Bangladesh and India have signed 22 pacts during Prime Minister Sheikh Hasina’s visit, which ended on Monday. But the Teesta water sharing deal appears to be out of reach, which means the successes of the visit will be weighed against this impediment
Prime Minister Sheikh Hasina returned to Dhaka last night after completing her three-day state visit to India.
During the visit, Bangladesh and India signed 22 pacts, with a new $4.5bn Line of Credit, increased cooperation in information technology, increased Indian commitment to ensuring Bangladeshi energy security and a number of initiatives to increase road and waterway connectivity standing out as the main achievements.
Noticeably missing from the pacts is the elusive Teesta River water sharing deal, a sticking point in the relation between the two countries since the visit of former Indian Prime Minister Manmohan Singh in 2009 to Bangladesh. The deal fell through at the time because of last minute resistance from West Bengal Chief Minister Mamata Banarjee.
This time around, while Mamata held her ground on the resistance to the deal, Indian Prime Minister Narenda Modi left no stone unturned to assure Sheikh Hasina that Delhi was fully committed to delivering on the deal at the earliest possible time.
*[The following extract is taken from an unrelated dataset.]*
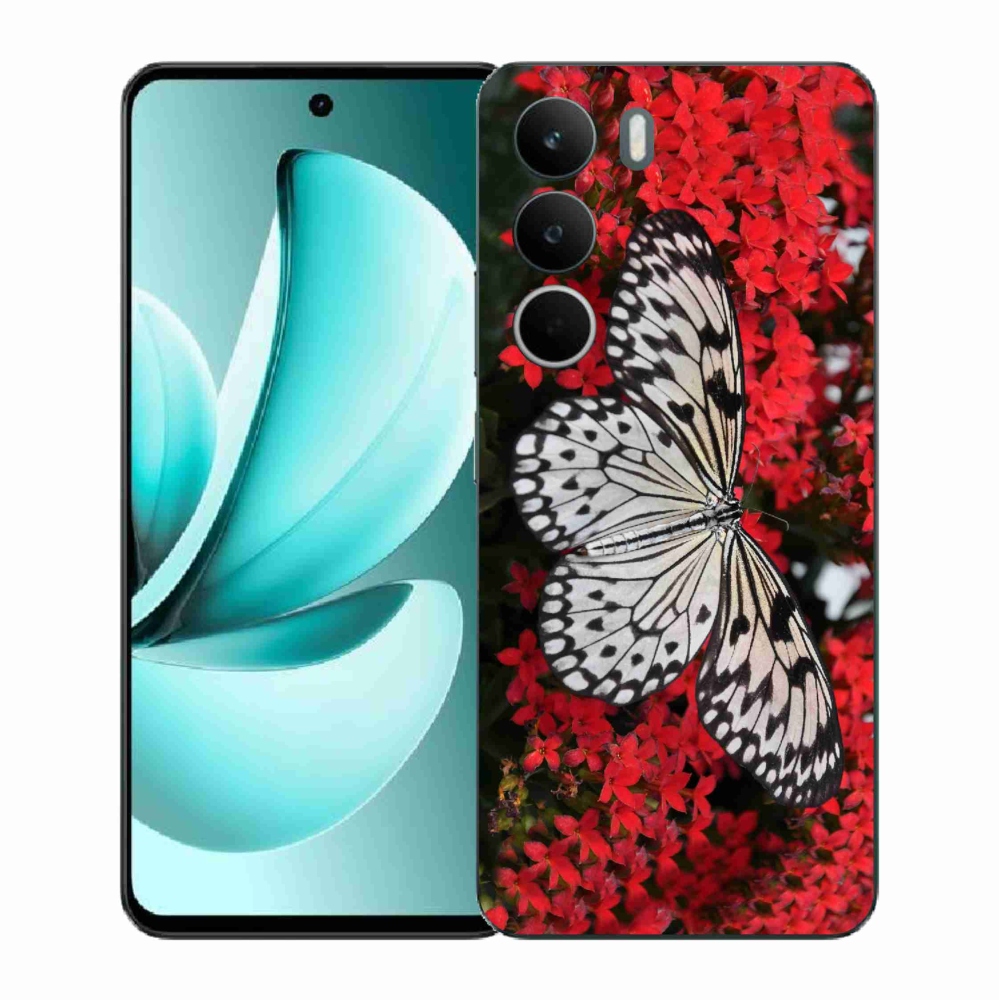 Gelový kryt mmCase na Realme C71 - černobílý motýl 1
To push through his point, Modi made a series of goodwill gestures, including breaking protocol to receive Sheikh Hasina from the airport and renaming a prominent road in Delhi after Bangabandhu.
During the trip, the government of India and Bangladesh also signed a number of instruments on defence cooperation, inclu-ding a separate $500 million line of credit to Bangladesh for purchasing arms and technology from India.
The two countries had been cooperating on defence for a number of years now and supporters of the deal see the Memorandum of Understanding signed between the two countries as a step forward in formalising the relationship.
Security experts, however, had been clamouring about the deal since before the prime minister’s trip. India had become wary of Bangladesh’s growing cooperation with China and a defence deal is India’s way of protecting its
own backyard against China, they said.
The leading opposition party Bangladesh Nationalist Party jumped onto the controversy surrounding the defence pact, especially in the absence of a Teesta deal. Not long after the MoUs were made public on April 8, former BNP chief Khaleda Zia criticised the prime minister for having ‘sold out the country.’
Most independent experts however are optimistic in assessing the outcome of the tour.
For Rounaq Jahan, distinguished fellow at the Centre for Policy Dialogue, the unresolved Teesta water sharing treaty was not a big surprise as the media had been reporting about it for a number of days.
She said: “I have not seen the details of the agreements and MoUs, but from the list I find no surprises. Our media has been talking about these agreements and the MoUs in the last few days. We also knew that no agreement will be signed on Teesta.
“On Teesta, Modi made a public commitment that the agreement will be made during his and Sheikh Hasina’s tenure in office.”
She also praised Modi for his symbolic gestures of friendship.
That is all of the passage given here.